You don’t want to be bottoming out then.

You want t be bottoming out now, to ensure that when these teams get the nod, you’re up the pointy end competing like the Hawks were in 2011/12 and not being a team in the bottom half, hoping to rebuild via the compromised draft.

So, with that in mind, is five wins enough to keep you happy this season?

With the 2023 National Draft already being touted as a big one for key position players, a pick in the top three (legitimate top three… not pick five after father/son nominations) would set the Hawks up brilliantly, however, it is a delicate balance. I take you back to the unsigned talent above – there would have to be a couple looking for something to hold onto at Hawthorn. Will Day has not seen the club finish above 13th. Dylan Moore hasn’t seen Hawthorn finish above ninth.
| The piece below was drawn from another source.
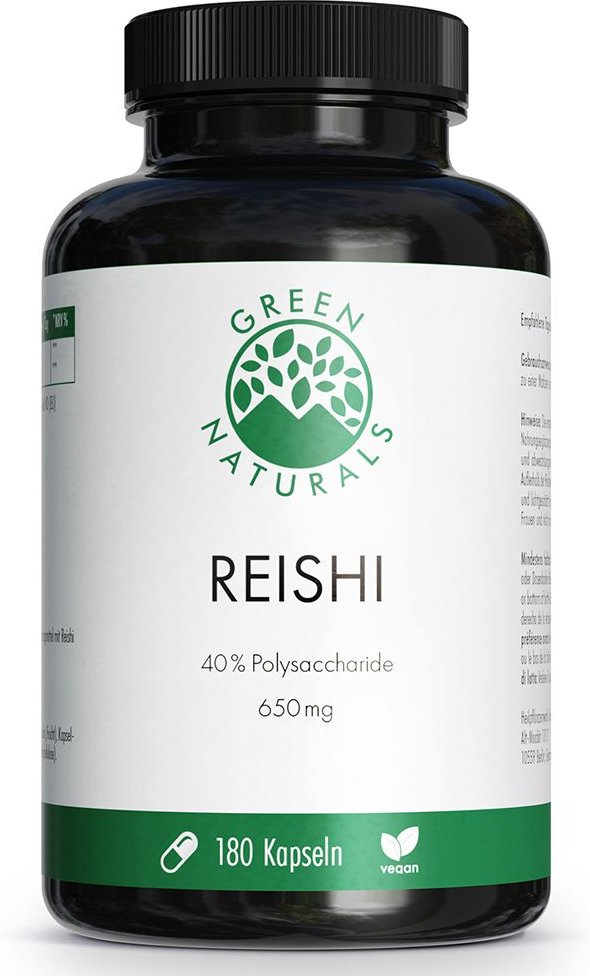 Green Naturals Reishi 650 mg hochdosiert vegan Kapseln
They want success and have to see a pathway toward it. If the Hawks are just a team continually sitting in the bottom half of the ladder, maybe success elsewhere becomes a little more attractive.

And therein lies the issue – you have to sell the dream, let them see it and almost taste it… enough to keep them believing you’re on the right track.

Would five wins do the exact opposite?

North Melbourne and West Coast both finished on two wins apiece in 2022. Neither will be that poor again. Is a top three pick worth a season of pain? And how long can the Hawks convince their young talent that this is all just part of the plan?